BG67378B1 - Planer gas-diffusion electrodes for secondary metal-air batteries and methods for their production - Google Patents

Abstract

The invention relates to free of carbon planer gas-diffusion electrodes for secondary metal-air batteries and methods for their production. The proposed gas-diffusion electrodes find application in manufacturing of energy carriers – lightweight batteries with high energy density, appropriate for renewable energy sources and for electro-mobility.

Description

(54) PLANAR GAS-DIFFUSION ELECTRODES FOR SECONDARY METAL-AIR BATTERIES AND METHODS OF THEIR PRODUCTION

Field of technique

The invention relates to carbon-free planar gas-diffusion electrodes for secondary metal-air batteries and methods of their production. The proposed gas-diffusion electrodes are used in the production of energy carriers - lightweight batteries with high energy density, suitable for renewable energy sources and for electromobility.

Prior art

A metal-air battery is an electrochemical system that consists of a metal anode, an air-gas diffusion electrode (GAD) and an electrolyte. The main advantages of GDE over metal-oxide cathodes are low weight and infinite charge capacity, providing a high theoretical energy density of 6846-8212 Wh/kg [1].

The air gas-diffusion electrode is made up of a catalytic and gas-diffusion layer, where the main requirements for the gas-diffusion layer are good gas permeability and hydrophobicity with respect to the electrolyte.

Primary and secondary metal-air batteries are known. They can be planar or tubular in configuration. In primary metal-air batteries, the gas-diffusion layer is made of carbon Teflonized with polytetrafluoroethylene (PTFE) [2]. The good performance and mechanical strength of the catalytic layer is achieved by mixing the material used for the gas-diffusion layer with the catalyst [3]. In primary metal-air batteries, the gas-diffusion electrode is the cathode.

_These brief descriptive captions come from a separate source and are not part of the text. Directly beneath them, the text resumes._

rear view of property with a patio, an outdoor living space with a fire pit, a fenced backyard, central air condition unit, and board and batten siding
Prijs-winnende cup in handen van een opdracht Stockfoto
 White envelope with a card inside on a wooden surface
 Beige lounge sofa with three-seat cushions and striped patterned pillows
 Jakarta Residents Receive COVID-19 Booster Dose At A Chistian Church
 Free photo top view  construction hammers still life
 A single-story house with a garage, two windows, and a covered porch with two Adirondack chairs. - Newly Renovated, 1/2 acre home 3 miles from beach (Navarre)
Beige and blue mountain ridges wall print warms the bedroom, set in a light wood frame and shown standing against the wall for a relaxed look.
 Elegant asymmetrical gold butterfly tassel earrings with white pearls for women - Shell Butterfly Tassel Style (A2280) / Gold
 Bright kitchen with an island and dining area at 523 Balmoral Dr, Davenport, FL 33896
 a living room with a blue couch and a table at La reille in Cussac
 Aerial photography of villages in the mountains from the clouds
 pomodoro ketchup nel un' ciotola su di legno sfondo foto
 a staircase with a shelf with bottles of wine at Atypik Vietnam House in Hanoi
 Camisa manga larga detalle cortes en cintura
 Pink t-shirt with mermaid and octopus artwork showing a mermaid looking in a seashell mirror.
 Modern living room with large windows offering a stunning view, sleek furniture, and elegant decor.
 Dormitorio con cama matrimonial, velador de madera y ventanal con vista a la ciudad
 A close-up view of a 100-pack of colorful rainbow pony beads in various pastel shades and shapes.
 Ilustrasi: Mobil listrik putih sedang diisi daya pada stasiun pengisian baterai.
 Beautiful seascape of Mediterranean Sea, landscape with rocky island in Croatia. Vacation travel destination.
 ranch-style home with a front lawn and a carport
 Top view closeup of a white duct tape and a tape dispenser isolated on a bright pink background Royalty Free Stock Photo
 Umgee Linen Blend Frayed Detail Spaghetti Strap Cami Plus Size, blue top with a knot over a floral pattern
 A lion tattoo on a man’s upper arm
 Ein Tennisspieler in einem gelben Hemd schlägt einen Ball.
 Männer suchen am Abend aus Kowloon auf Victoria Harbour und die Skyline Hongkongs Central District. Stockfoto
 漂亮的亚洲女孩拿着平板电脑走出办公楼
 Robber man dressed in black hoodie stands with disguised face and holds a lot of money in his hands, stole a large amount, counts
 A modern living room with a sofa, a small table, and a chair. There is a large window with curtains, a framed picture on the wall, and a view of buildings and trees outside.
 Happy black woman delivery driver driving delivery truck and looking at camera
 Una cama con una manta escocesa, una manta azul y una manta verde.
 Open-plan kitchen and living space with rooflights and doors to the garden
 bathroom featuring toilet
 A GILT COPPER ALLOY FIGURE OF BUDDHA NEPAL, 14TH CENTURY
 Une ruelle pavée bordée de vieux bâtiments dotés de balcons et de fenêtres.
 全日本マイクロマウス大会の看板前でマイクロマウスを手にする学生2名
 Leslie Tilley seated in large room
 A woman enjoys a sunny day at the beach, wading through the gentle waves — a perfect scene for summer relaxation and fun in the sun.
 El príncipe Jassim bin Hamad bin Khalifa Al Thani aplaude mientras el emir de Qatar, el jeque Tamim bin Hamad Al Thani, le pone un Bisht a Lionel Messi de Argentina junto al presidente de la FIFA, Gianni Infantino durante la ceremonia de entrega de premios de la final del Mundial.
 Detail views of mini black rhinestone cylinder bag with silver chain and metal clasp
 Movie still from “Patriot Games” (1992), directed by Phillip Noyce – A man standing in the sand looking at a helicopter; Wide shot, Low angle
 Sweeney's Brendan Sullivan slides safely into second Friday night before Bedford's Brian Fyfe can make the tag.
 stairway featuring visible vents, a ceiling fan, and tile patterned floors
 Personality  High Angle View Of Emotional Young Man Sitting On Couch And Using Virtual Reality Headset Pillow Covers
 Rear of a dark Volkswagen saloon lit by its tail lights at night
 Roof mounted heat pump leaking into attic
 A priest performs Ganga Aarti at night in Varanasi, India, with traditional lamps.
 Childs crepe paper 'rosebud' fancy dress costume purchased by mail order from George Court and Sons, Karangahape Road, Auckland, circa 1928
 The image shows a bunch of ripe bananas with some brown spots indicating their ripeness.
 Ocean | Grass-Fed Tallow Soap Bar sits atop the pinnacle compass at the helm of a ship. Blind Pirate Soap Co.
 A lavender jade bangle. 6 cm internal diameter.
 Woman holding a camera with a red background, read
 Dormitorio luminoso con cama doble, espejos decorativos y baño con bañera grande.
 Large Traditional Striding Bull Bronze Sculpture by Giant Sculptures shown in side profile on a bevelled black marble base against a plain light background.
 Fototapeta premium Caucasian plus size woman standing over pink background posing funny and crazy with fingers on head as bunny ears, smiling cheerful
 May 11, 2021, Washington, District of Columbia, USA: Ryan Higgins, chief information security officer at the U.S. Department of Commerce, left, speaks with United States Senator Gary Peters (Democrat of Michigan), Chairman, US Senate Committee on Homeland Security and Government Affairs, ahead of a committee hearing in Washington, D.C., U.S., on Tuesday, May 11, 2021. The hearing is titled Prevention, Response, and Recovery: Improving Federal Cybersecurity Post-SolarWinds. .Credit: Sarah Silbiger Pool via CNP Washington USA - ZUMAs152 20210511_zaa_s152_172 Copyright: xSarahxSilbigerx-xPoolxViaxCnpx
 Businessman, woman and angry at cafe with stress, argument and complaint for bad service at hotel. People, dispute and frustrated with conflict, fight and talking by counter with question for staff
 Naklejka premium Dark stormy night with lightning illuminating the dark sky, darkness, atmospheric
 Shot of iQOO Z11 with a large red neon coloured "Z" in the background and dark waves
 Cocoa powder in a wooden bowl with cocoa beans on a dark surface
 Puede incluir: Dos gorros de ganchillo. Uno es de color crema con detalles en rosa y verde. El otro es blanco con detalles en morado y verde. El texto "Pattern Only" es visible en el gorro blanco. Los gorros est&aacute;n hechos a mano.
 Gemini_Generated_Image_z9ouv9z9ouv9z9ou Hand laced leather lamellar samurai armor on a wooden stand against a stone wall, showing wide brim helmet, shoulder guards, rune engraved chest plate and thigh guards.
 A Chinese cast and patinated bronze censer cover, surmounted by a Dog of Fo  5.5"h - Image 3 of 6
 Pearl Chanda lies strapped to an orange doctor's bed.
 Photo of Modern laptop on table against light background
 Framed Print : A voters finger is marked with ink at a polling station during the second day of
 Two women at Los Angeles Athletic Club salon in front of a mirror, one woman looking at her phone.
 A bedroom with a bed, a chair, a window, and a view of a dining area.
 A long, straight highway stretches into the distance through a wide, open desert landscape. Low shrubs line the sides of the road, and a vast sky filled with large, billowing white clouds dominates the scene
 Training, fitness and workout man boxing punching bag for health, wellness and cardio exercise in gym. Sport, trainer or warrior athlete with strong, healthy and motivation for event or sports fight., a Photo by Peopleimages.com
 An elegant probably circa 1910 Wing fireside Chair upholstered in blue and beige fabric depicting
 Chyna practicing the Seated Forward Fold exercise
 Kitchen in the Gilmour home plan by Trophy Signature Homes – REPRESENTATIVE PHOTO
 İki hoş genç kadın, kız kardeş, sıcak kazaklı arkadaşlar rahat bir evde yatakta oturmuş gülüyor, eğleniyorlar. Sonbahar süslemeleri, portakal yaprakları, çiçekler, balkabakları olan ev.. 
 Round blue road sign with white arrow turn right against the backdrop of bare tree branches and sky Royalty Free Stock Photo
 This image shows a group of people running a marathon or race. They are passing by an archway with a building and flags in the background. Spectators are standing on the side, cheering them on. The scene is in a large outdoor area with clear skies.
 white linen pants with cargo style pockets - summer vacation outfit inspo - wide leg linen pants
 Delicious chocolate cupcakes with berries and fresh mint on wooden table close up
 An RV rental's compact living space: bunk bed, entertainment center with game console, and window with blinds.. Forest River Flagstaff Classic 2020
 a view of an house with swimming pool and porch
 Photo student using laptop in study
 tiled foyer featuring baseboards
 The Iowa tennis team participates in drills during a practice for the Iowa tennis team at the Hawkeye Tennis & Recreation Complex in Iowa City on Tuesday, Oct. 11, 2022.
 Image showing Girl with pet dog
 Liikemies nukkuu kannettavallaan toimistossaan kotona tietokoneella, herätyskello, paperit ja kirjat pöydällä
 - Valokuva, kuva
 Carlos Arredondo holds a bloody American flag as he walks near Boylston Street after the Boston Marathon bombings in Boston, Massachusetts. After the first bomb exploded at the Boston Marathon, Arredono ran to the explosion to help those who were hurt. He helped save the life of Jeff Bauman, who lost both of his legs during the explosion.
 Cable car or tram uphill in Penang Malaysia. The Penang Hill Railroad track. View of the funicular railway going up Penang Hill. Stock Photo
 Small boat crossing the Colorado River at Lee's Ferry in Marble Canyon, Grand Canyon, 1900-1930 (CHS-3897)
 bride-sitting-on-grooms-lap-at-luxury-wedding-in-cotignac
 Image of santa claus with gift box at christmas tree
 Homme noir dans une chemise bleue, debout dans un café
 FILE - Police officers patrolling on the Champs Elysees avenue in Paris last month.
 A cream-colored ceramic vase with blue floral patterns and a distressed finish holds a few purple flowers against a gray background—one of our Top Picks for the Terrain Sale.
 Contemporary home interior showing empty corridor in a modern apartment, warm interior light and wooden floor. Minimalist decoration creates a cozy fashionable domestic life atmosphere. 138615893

Metal-air batteries are cheap and have a high degree of safety, which makes them attractive for practical application in energy storage facilities. Primary metal-air batteries are a commercial product, while secondary ones are in the process of being commercialized, so intensive research is being conducted to overcome their shortcomings. The gas-diffusion electrode of secondary batteries is the cathode during discharge and the anode during charge. The main number of articles on the improvement of gas-diffusion electrodes in secondary batteries are related to the optimization of the bifunctional catalytic layer [4-9].

With regard to gas-diffusion electrodes, the main problem is related to the oxidation of the carbon contained in the gas-diffusion layer, which, upon discharge, leads to the destruction of the electrode. To solve this problem, two approaches are found in the patent literature:

- use of zeolite as a molecular sieve;

- complete replacement of carbon with another material.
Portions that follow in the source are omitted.